PROBLEM: Would you copy the lines below exactly and omit the images?

PROVIDED RECORDS:
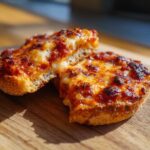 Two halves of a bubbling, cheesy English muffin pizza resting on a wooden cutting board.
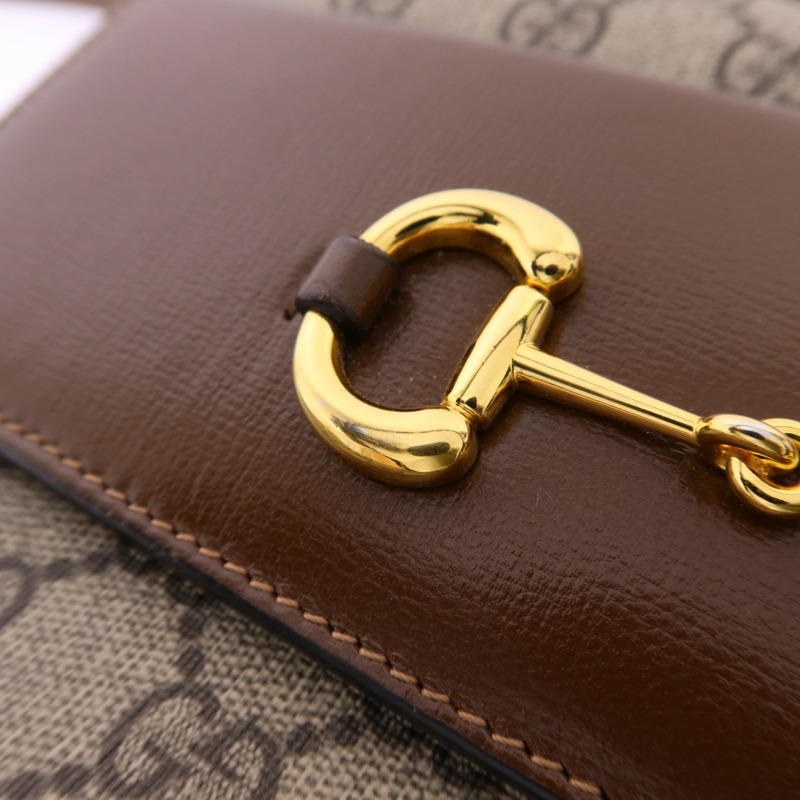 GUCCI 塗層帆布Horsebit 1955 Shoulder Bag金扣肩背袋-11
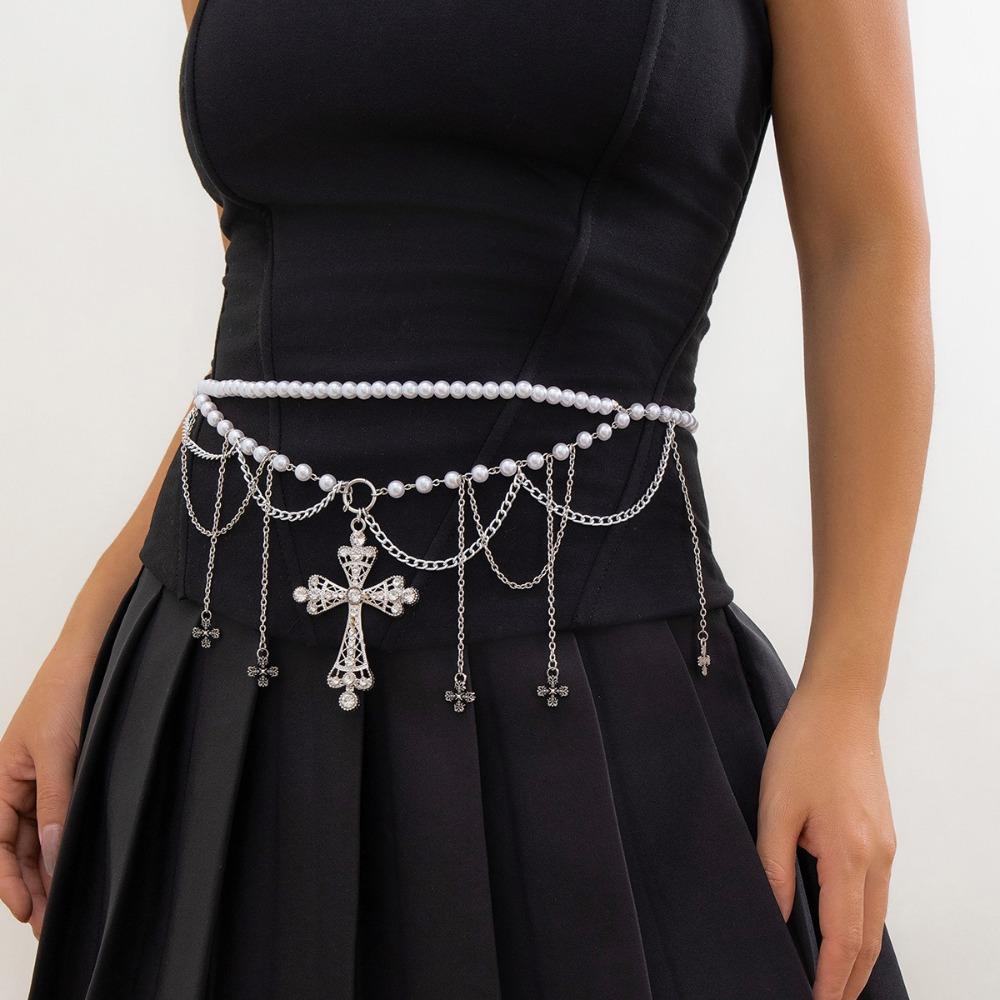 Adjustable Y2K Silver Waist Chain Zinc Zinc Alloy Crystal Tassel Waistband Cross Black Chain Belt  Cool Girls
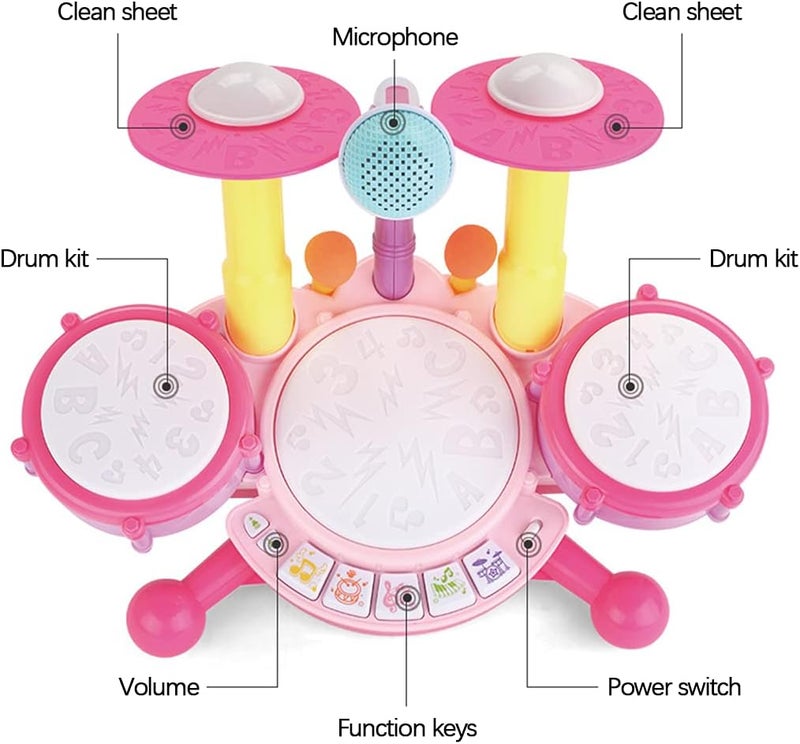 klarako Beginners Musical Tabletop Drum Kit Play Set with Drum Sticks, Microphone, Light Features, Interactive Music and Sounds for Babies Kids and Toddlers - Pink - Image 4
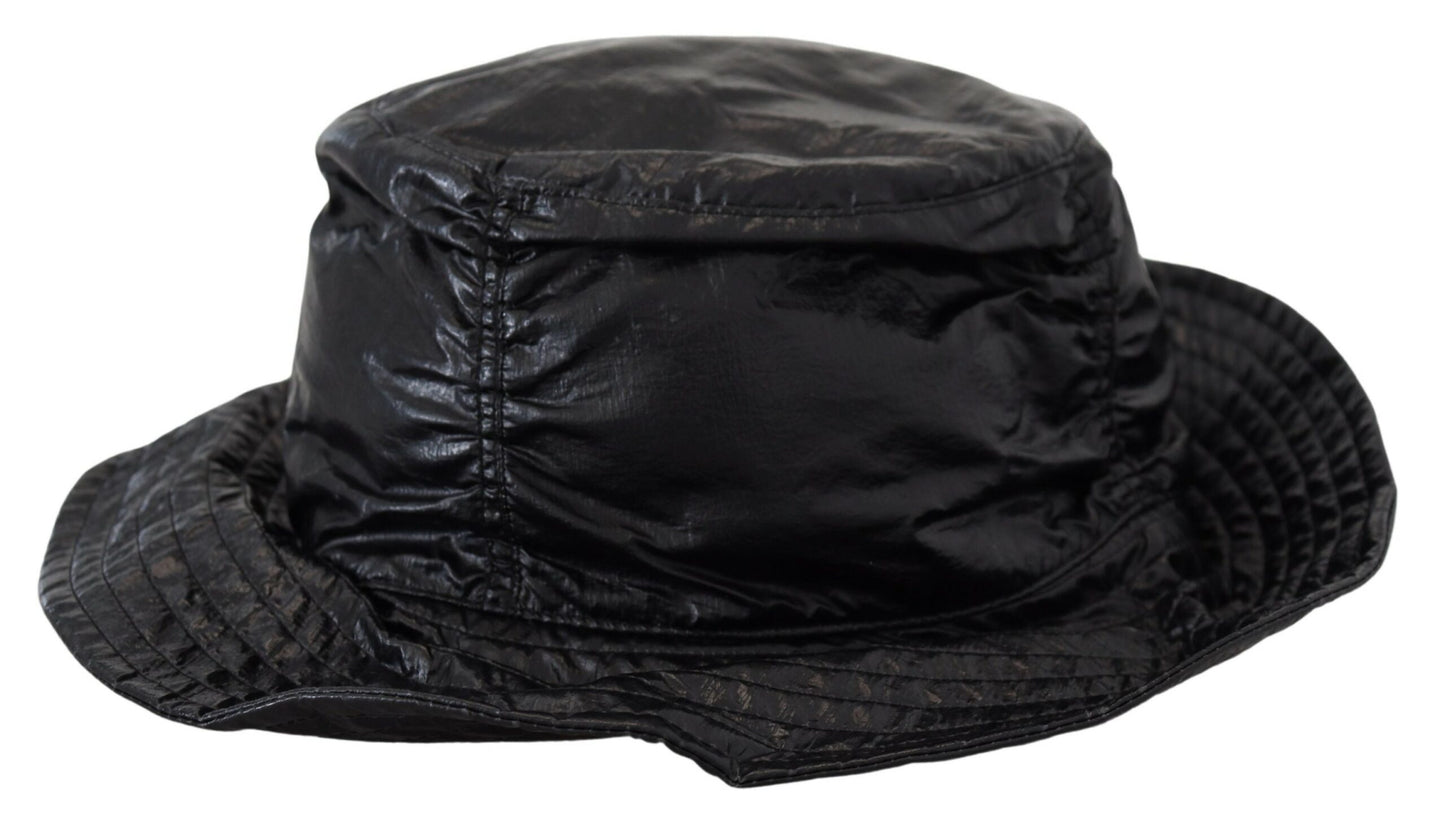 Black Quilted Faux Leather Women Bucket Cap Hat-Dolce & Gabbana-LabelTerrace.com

SOLUTION TO THIS PROBLEM:
 Two halves of a bubbling, cheesy English muffin pizza resting on a wooden cutting board.
 GUCCI 塗層帆布Horsebit 1955 Shoulder Bag金扣肩背袋-11
 Adjustable Y2K Silver Waist Chain Zinc Zinc Alloy Crystal Tassel Waistband Cross Black Chain Belt  Cool Girls
 klarako Beginners Musical Tabletop Drum Kit Play Set with Drum Sticks, Microphone, Light Features, Interactive Music and Sounds for Babies Kids and Toddlers - Pink - Image 4
 Black Quilted Faux Leather Women Bucket Cap Hat-Dolce & Gabbana-LabelTerrace.com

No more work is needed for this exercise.